The design centre will create between 1,800 and 1,900 jobs, giving rise to close to 6,000 jobs in total with a 2:1 ratio of employment creation in the community. Cadence is setting up a leading systems-on-a-chip design centre in Livingston, and will spend several hundred million dollars.
This will be the largest and most important centre in Cadence’s chain of design houses called design factories. Other units specialise in digital, RF, analogue and mixed signal design. This means Scotland could become the world’s most important centre for chip design.
Scottish Enterprise hopes the design factory will seed further investment from other companies including start-ups. In addition to the design facility, an educational centre will be created. This will be run by four Scottish Universities – Edinburgh, Glasgow, Heriot Watt and Strathclyde.

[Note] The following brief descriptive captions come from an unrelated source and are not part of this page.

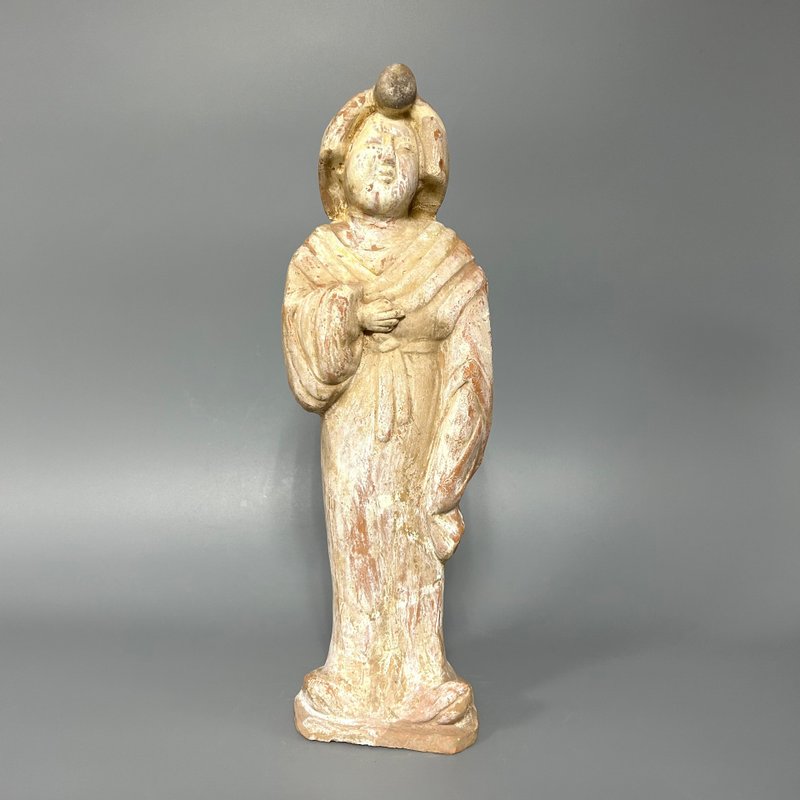 唐三彩女立俑 - 摆饰 - 陶 卡其色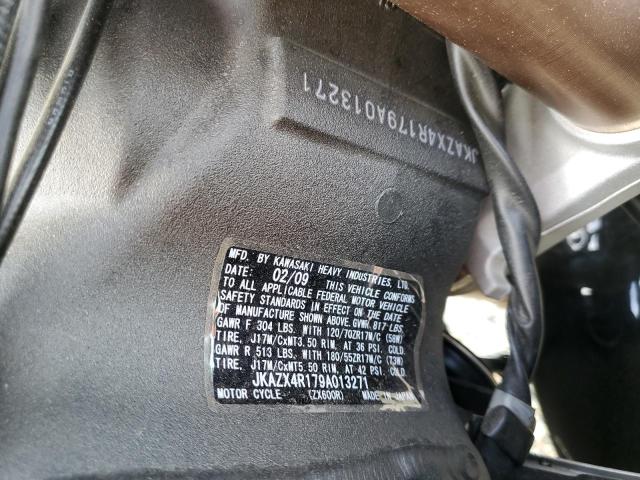 2009 KAWASAKI ZX600 R JKAZX4R179A013271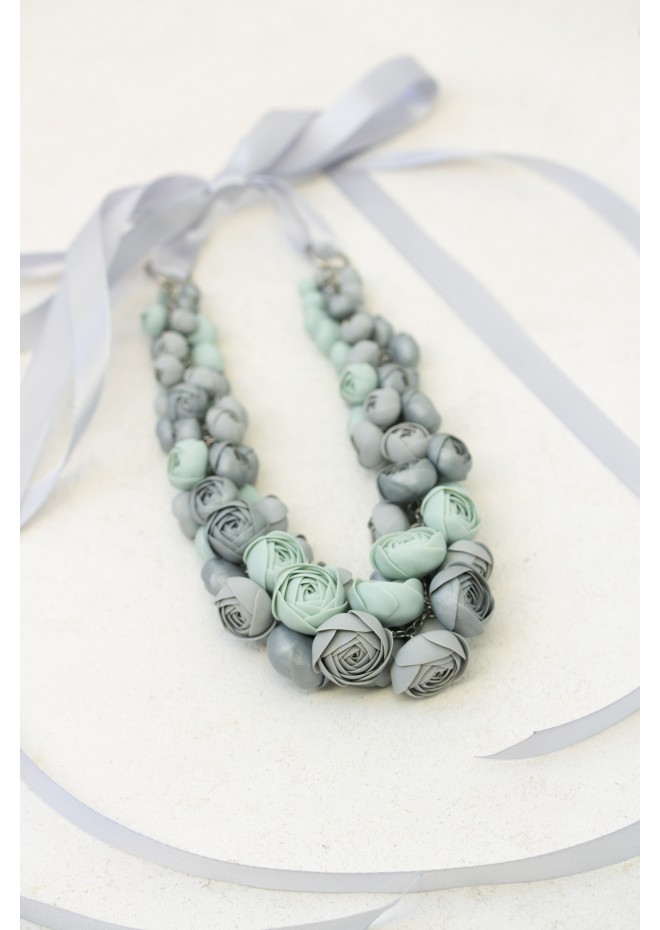 Gray and Mint Handmade Floral Necklace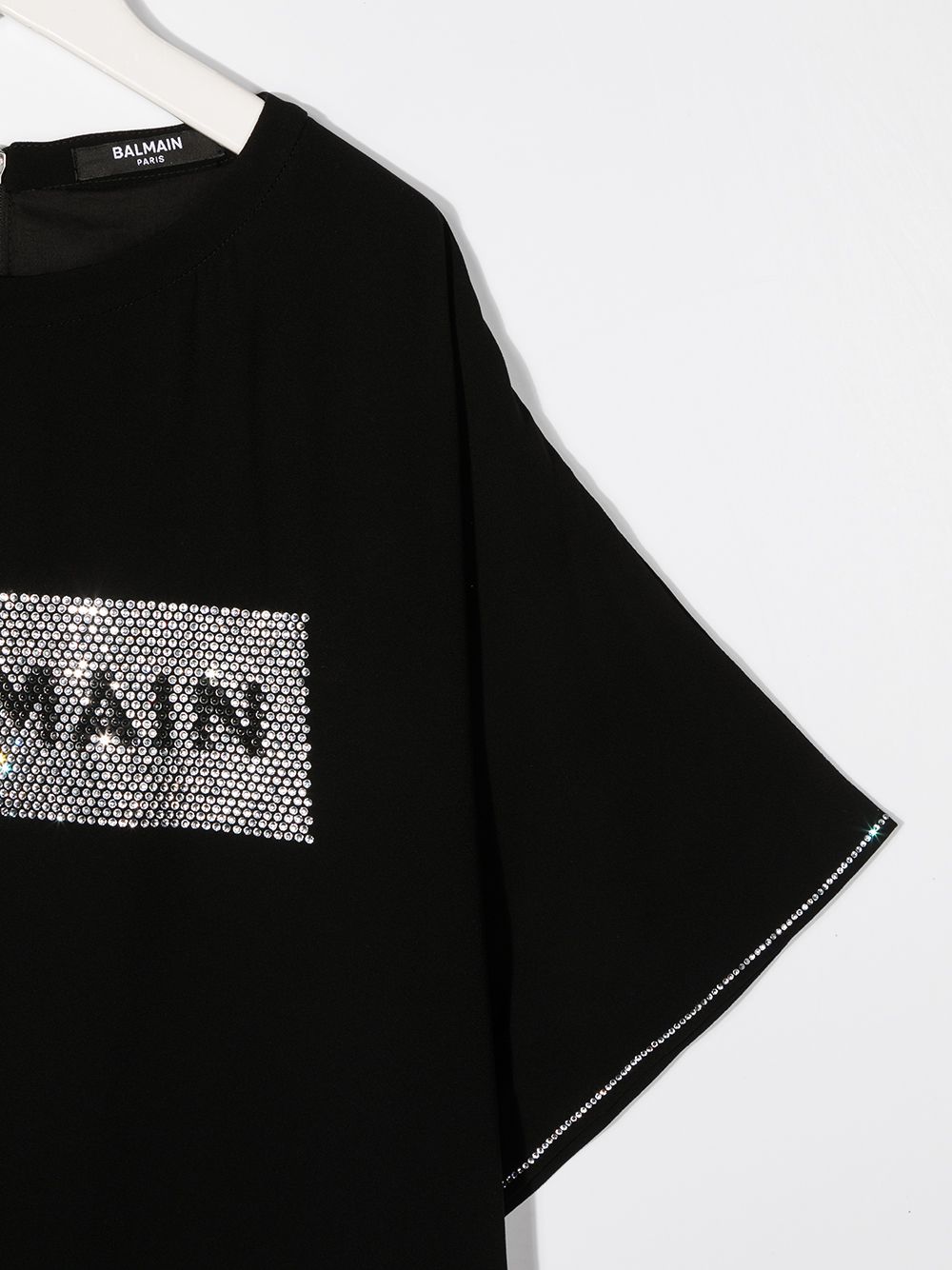 Shop Balmain Embellished Logo T-shirt Dress In Black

The Scottish universities will have a masters degree course for system-on-a-chip design in place by the next academic year. This aims to redress the severe shortage of capable chip designers.
Perhaps the most technically exciting and challenging part of the project is the setting up of an IP exchange. System-on-a-chip ICs are the next stage of miniaturisation in electronics, and their design requires IP. It is no longer possible to design from scratch multimillion gate chips with today’s time-to-market pressures.
Project Alba hopes designers will register their IP at the exchange. Users of IP would then negotiate with the exchange, leaving the IP companies to get on with designing. The thorniest issue when transferring IP between companies is the legal one. Since the US is a litigious country, siting the exchange there was out of the question.
Scotland was chosen for the converse reason. IBM will supply the required electronic commerce technology needed for exchanging IP.
www.sli-scotland.org.uk
What about the rest of the UK?
Scotland’s regional initiative in attracting foreign microelectronics companies is not shared by some other parts of the UK, most notably Cambridge – arguably the most successful high-tech area in the country.
Kelvin Harrison, chief executive of Cambridge-based Symbionics, points out that companies will only locate in any region of the UK if there are significant government cash incentives.